The notion of anchors as newsroom leaders was somewhat novel. Network anchors had been using titles like managing editor for a number of years, but at the local level, too many anchors were "talent" first and foremost — paid to look pretty and sound good, in the irreverent opinion of many.
Yet there was no denying that, in markets of all sizes, anchors were traditionally the most experienced, inevitably the best paid and sometimes the most underutilized people in the newsroom. But resources were shrinking. The days of private offices for anchors were pretty much over. And these "faces of the station" were being pressed into service doing things they'd never really been trained to do: editing copy, coaching reporters, making ethical decisions and more. Being an anchor was starting to require off-camera skills.

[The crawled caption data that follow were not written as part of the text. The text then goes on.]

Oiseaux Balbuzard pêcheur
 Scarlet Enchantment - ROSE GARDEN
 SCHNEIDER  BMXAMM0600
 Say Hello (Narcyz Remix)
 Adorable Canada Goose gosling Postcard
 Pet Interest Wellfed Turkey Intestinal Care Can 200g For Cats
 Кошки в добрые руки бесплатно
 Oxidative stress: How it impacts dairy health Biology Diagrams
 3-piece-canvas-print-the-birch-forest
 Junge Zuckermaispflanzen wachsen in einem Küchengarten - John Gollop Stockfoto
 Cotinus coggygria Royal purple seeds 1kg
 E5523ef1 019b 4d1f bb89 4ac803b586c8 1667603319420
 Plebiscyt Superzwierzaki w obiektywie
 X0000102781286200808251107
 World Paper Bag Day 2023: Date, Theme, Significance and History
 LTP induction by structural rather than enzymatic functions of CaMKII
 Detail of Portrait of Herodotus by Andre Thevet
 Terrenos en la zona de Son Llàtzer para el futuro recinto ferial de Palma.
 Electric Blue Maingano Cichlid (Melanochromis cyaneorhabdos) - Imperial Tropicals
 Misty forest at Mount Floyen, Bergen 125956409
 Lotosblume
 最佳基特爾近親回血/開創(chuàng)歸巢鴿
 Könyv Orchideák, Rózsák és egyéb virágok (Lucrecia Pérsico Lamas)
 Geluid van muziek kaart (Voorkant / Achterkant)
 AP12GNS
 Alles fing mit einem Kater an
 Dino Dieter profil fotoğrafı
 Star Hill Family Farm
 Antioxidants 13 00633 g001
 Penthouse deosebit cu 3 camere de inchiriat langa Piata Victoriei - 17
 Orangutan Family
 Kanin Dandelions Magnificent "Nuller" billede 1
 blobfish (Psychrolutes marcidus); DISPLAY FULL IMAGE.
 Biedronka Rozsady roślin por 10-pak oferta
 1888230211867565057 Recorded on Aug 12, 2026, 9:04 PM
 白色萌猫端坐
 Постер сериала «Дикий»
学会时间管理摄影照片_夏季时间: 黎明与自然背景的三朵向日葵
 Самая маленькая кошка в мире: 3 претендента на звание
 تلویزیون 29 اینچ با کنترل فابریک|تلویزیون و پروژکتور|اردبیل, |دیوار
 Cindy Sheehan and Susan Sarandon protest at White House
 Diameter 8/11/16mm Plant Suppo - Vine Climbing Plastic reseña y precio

In fact expectations of anchors were escalating, and it was becoming clear to some that investment in them ought to increase, too — not necessarily in what they're paid, but in how they're prepared for their expanded responsibilities.
That's why Jill Geisler and I got such a great response from stations when we started talking about anchors as "leaders, not readers." Management recognized the stake it had in those who were the embodiment of the brand. Compared with salary, benefits and promotion, the cost of training was almost trivial. But the benefits could be huge.
I ended up leaving Poynter for a new newsroom of my own just as the inaugural anchor leadership seminar was coming together, but it couldn't have been in better hands than Jill's, and she was kind enough to bring me back as visiting faculty. Over the years, the feedback we got from the anchors who came to learn "skills without script" — and from the newsrooms they returned to — was wonderfully positive.
Poynter has moved into new, exciting and important other areas, and it's been a few years now since the last anchor seminar there. But demands on anchors certainly haven't diminished, and the need for leadership has never been greater. Social media, "fake news" and declining trust in institutions of all kinds — including journalism — have only heightened the need for anchors who lead as effectively as they read.
So next summer in Chicago, Jill and I will gather an all-star faculty of experts from across the country for an intensive two-day program. We'll include on-camera leadership, too. But there will be nothing cosmetic about the content of this seminar.
Because, as any anchor can tell you: Hair, makeup and wardrobe are the easy part of the job.